A key goal of this effort, says Lek, is to make sure the samples represent a diverse patient population. “All the research to date has lacked diversity,” says Lek. “If we’re creating a single-cell atlas, we want it to be representative of all people, so we were careful to select tissue resources that were reflective of the broader United States.”
Lek’s interest in studying skeletal muscle diseases began nearly two decades ago when he worked as an engineer at IBM and discovered that he had a rare disease called limb-girdle muscular dystrophy, which causes a progressive weakening of the limbs, shoulder, and hip muscles.

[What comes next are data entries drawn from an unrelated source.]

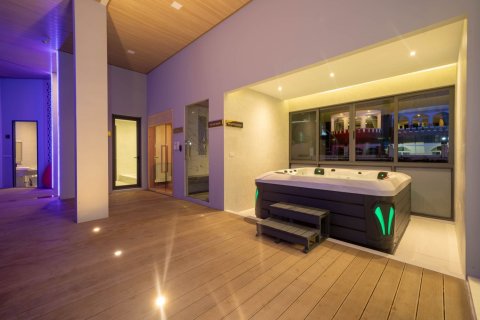 5 bedrooms Villa in Phuket, Thailand No. 86161 26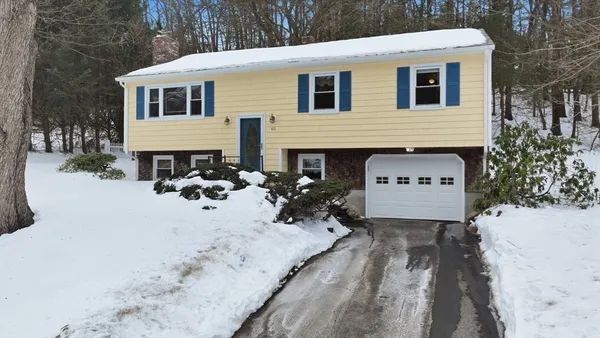 $360,000 | 65 Old Farm Road, Westfield, MA 01085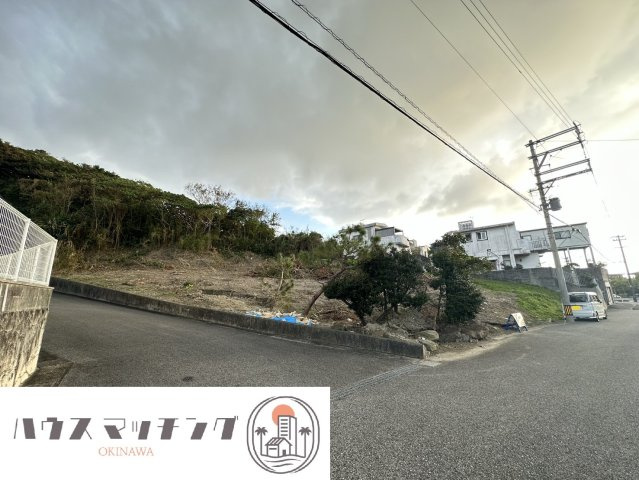 島尻郡八重瀬町字東風平の売地の外観|要農地転用、要開発許可、要試掘（試掘の費用は行政負担）詳しくは担当までお問合せください：2024年10月撮影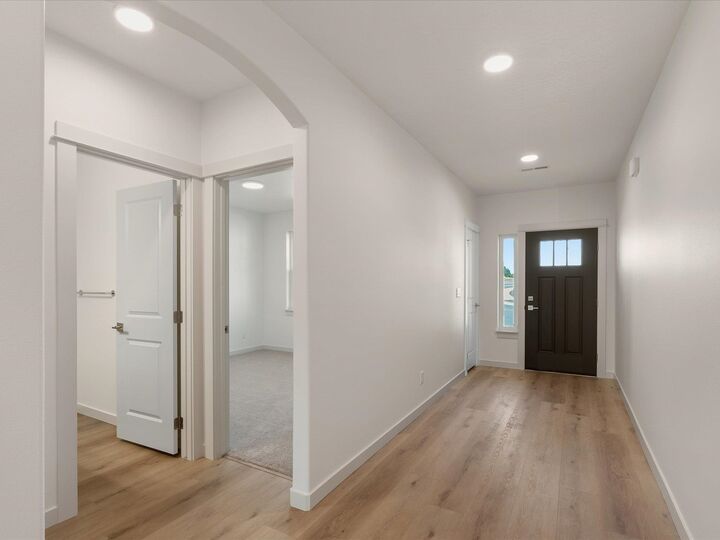 Property Photo: 18110 E Barclay Ct 1/4 Hudson WA 99016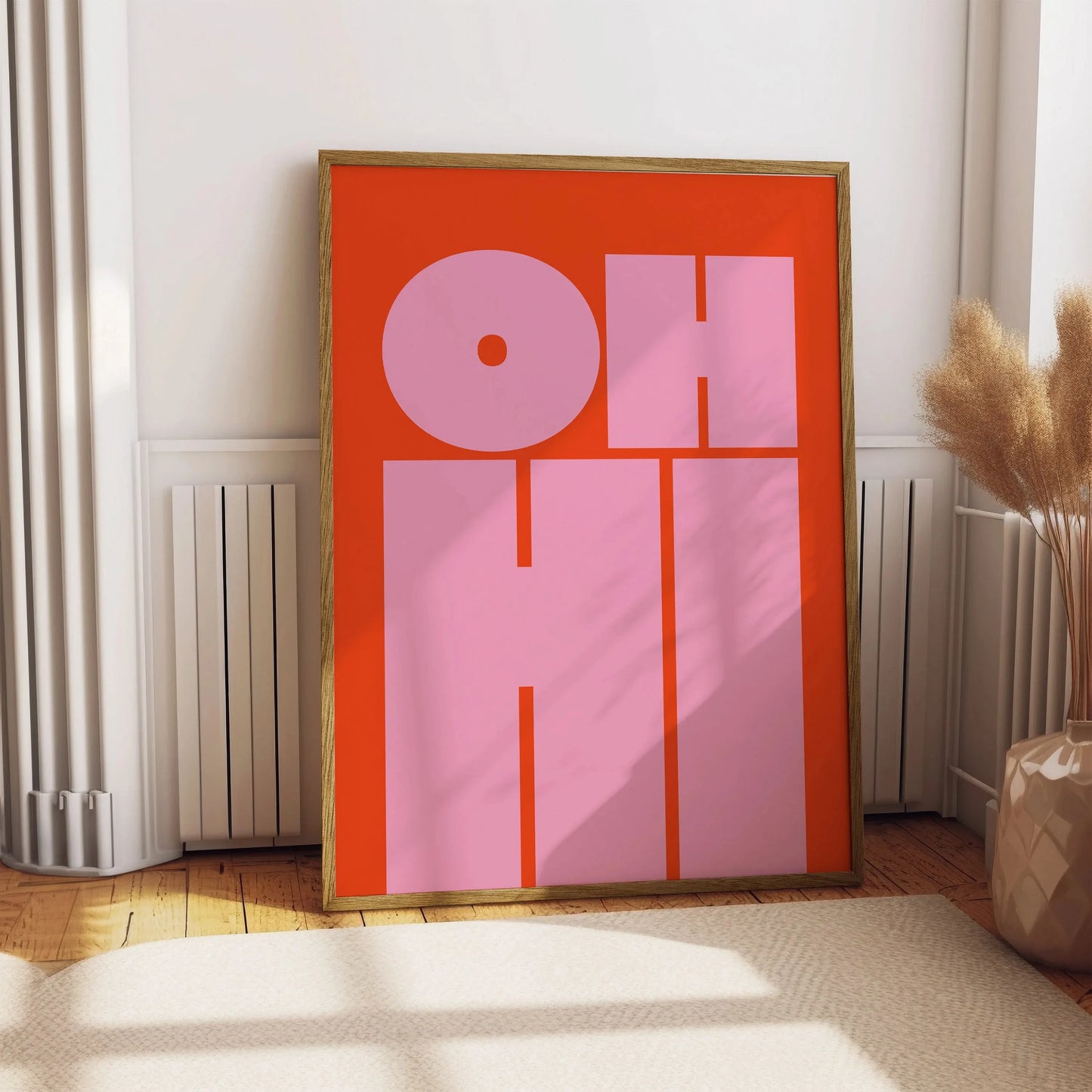 OH HI” avec typographie rose sur fond orange vif, affiche pop art graphique pour mur de salon ou bureau stylé.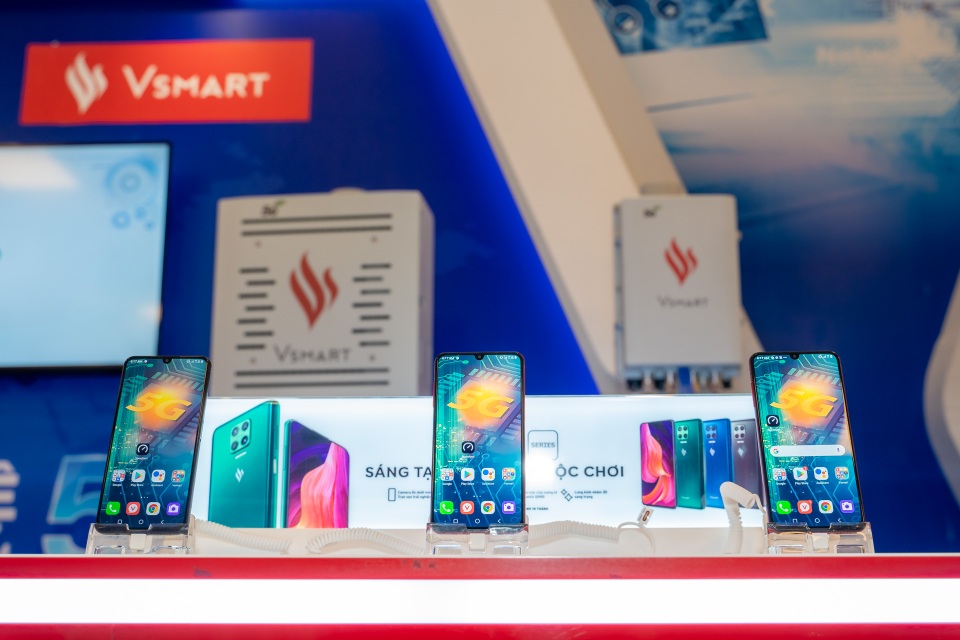 Người dùng háo hức trải nghiệm điện thoại Vsmart 5G Make in Vietnam - 1 Người dùng háo hức trải nghiệm điện thoại Vsmart 5G Make in Vietnam - 1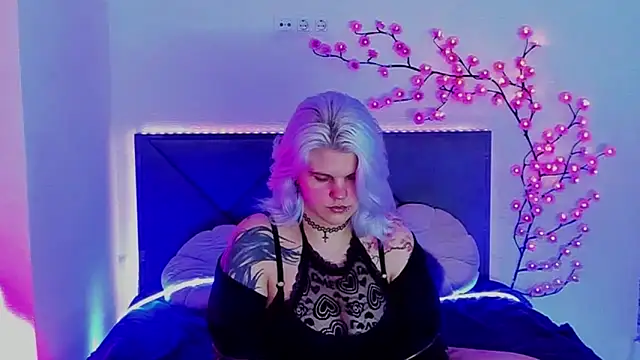 JoannLowe online show from May 2, 7:39 pm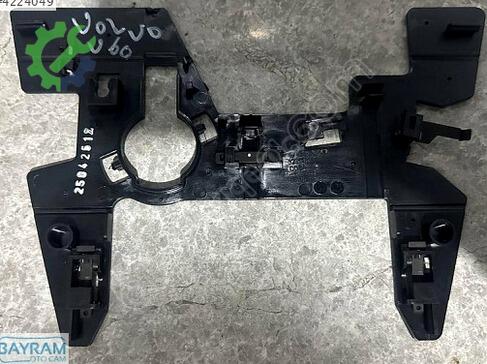 Volvo V60 Ön Cam çıkma parça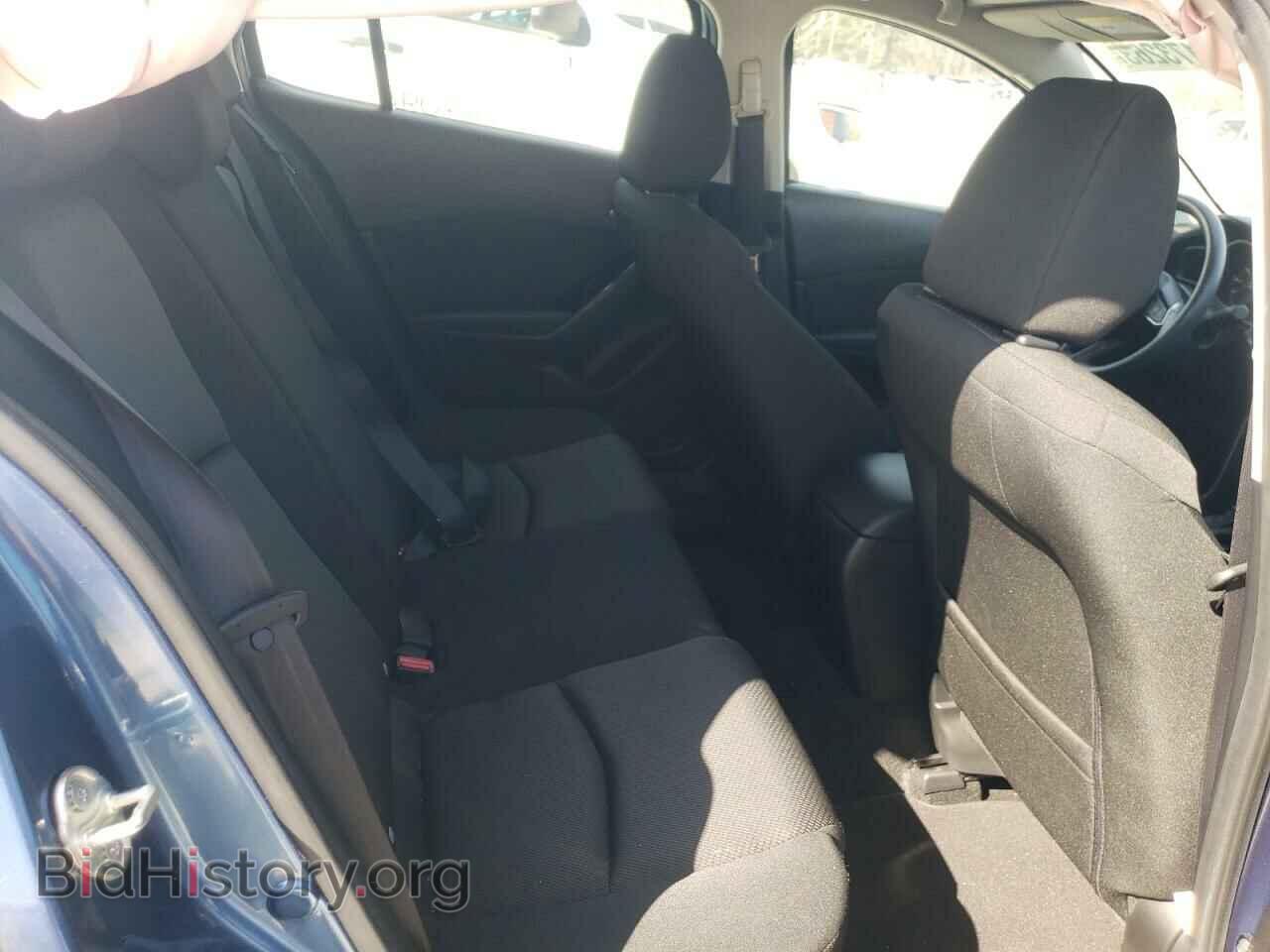2018 MAZDA 3 - VIN: 3MZBN1K70JM241126 - Фото 10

Lek’s journey to better understand and treat his condition led him to a PhD in medicine with a focus on genetics. His own experience gives him a rare insight into the urgency of understanding and treating rare diseases.
“I live in pain every day,” Lek says. “Not just physical, but psychological. If you study your own disease, you know your fate. The more I know, the less hope I have.”
Lek knows first-hand the importance of understanding the mechanisms of rare diseases like his at the most basic, single-cell level, to uncover how cells change during the aging process, and which cells will be most receptive to new therapies. “I think about the long term, not just the project,” says Lek. “I want to make a contribution to the paradigm shift. To discover what genes and mutations cause disease and address the genetic root cause. I hope to create custom designed, scalable therapies for each patient and to find a funding model that allows treatment to be accessible to all patients.”
If we’re creating a single-cell atlas, we want it to be representative of all people, so we were careful to select tissue resources that were reflective of the broader United States.
Lek’s disease shares a key characteristic with other rare diseases of the muscular system, including other forms of muscular dystrophy — symptoms are triggered when a person reaches a certain age. The Single Cell Atlas will help bring clarity to how childhood development triggers this process, and why various diseases affect particular muscles first.
“MRIs taken of patients with genetic muscle disease tell us that wasting happens differently in different muscles,” Lek says. “We see that consistently across patients.” The Pediatric Cell Atlas of Healthy Skeletal Muscle is expected to take three years. Once completed, researchers will join their findings with those of the existing Human Cell Atlas to strengthen future disease studies.